If you see or experience these signs of grief, you and/or other individuals must get the support needed to grieve in the most healthy way possible while still maintaining some normalcy. Be sure to:

  1. Offer a listening ear whenever possible. Don’t ask if they are okay because they aren’t; instead, ask if they would like to go for a walk, and if they talk great, and if they don’t, that is okay, too.

  2. Take projects off their plate when you see they are struggling, but be careful not to take something away from them that might be holding them together. It might be better to take off little chunks to help them complete tasks and feel successful.

  3. Don’t try to turn their negatives into positives. If their outlook is bad, let them have time to vent. Then present the facts in a neutral manner that doesn’t make them feel guilty for being human.

  4. Invite them to participate even if you know they are going to say no. It still feels good to know people care and want you to be there even when you don’t feel like it.

  5. If you are the boss, offer additional time off. Sometimes just knowing you have that extra support can be a game-changer.

  6. Help them to take breaks by inviting them for a coffee break or snack break. Working for shorter bits of time can help them focus on tasks when they are working.

  7. Give them grace when they break down in tears or have fits of anger. Remind them that they are only human, that there is no harm in that, and that you forgive them. Remind them that you are there for them and on their team.

How to cope at work when you are the one grieving

If you are grieving, sometimes work is the best thing for you. For others, it may be difficult to even get out of bed for a while. Whatever your reaction, make sure you honor and validate that reaction and give yourself what you need to manage the treacherous terrain of grief. Also, consider:

  1. Work in small increments.

  2. Turn down new, stressful projects even though you want a distraction (of course, you know yourself, it that is what you need to move forward then by all means.

  3. Give yourself grace, and don’t beat yourself up when you lose your cool or have a meltdown.

  4. Take days off when you need them.

  5. Practice self-care, mentally and physically (try to exercise and eat healthy foods).

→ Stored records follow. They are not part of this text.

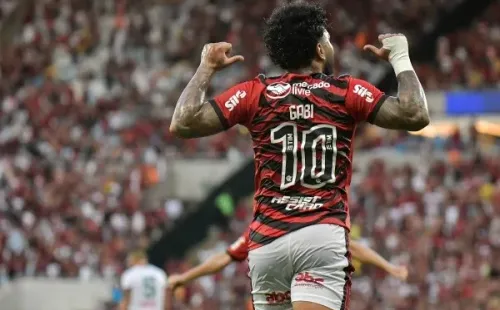 Agif/Thiago Ribeiro – Gabigol busca título do Mundial com o Flamengo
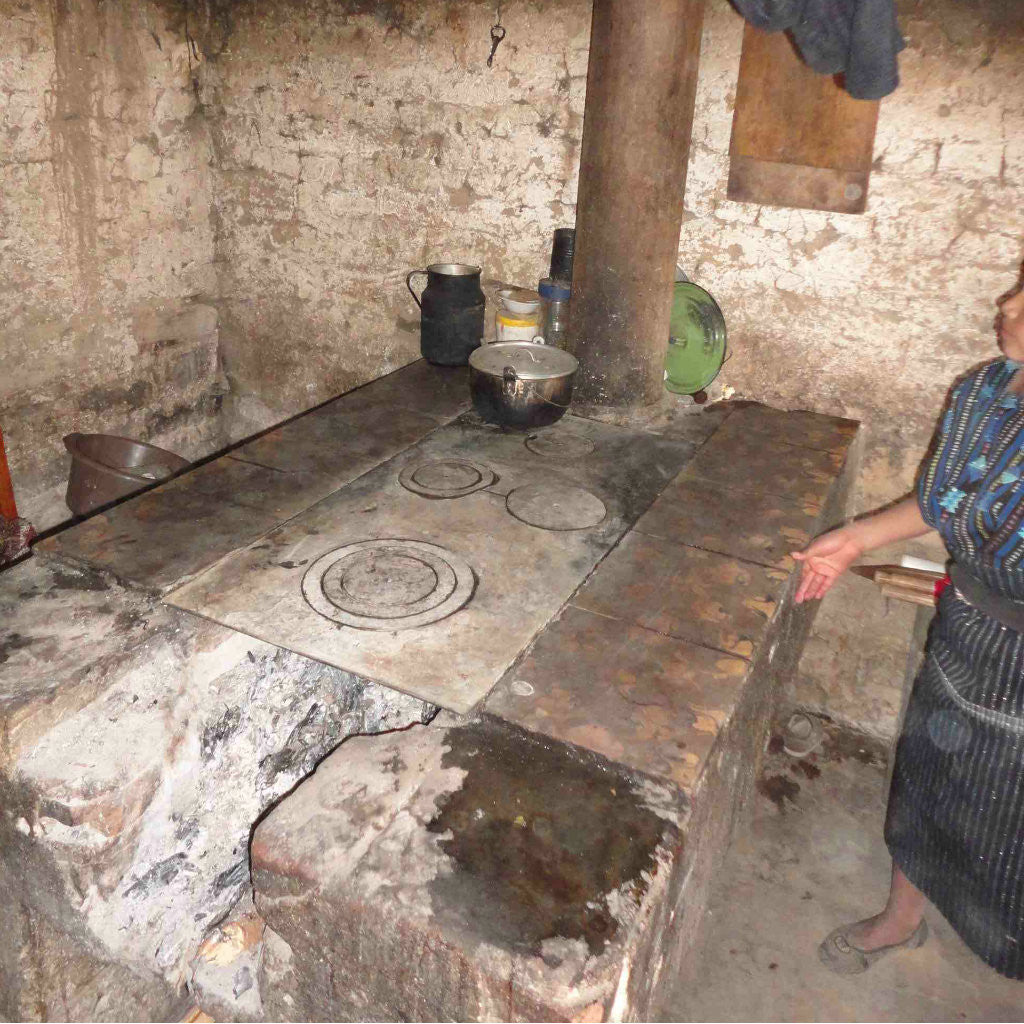 Alternative Gift of an Energy Efficient Kitchen Stove in Guatemala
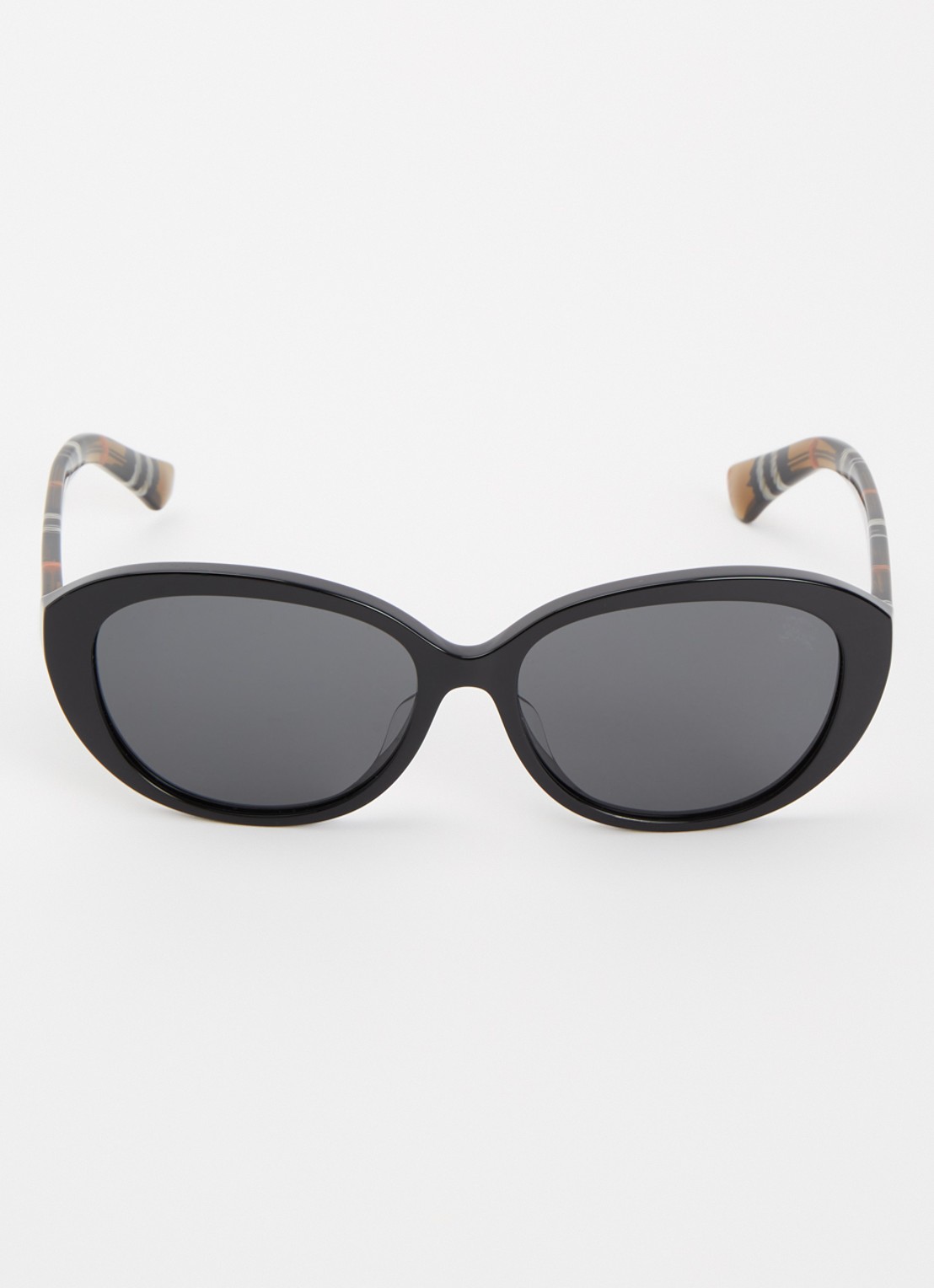 Burberry Cat Eye zonnebril BE4507D - detail 2 zwart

  6. Be mindful of your physical health.

  7. Ask for later start times or to leave early for a while. There will be many nights where you don’t sleep, and being able to come in late or go early will be critical to your wellness.

What to say

One of the most challenging aspects of grief is knowing what to say to someone who has experienced a loss! Sometimes we avoid saying anything or avoiding the person altogether, which can contribute to their feelings of isolation. That is the last thing we want. Instead, go up to them and say,

“I am so glad you are here. What can I do for you?”

“I heard about your loss, and I am so sorry. Is there anything I can do?”

“I can’t imagine how you must be feeling. I just want you to know I am here if you need someone to talk to or need anything at all.”

Grief is part of the human experience. We can’t avoid it, obviously, but it is one of those things that most of us are not particularly good at handling. Remembering to be compassionate with yourself and others will go a long way in helping others heal in their own time and own way. And, by putting yourself in another’s shoes and being prepared ahead of time, you can navigate these situations in kind and thoughtful ways.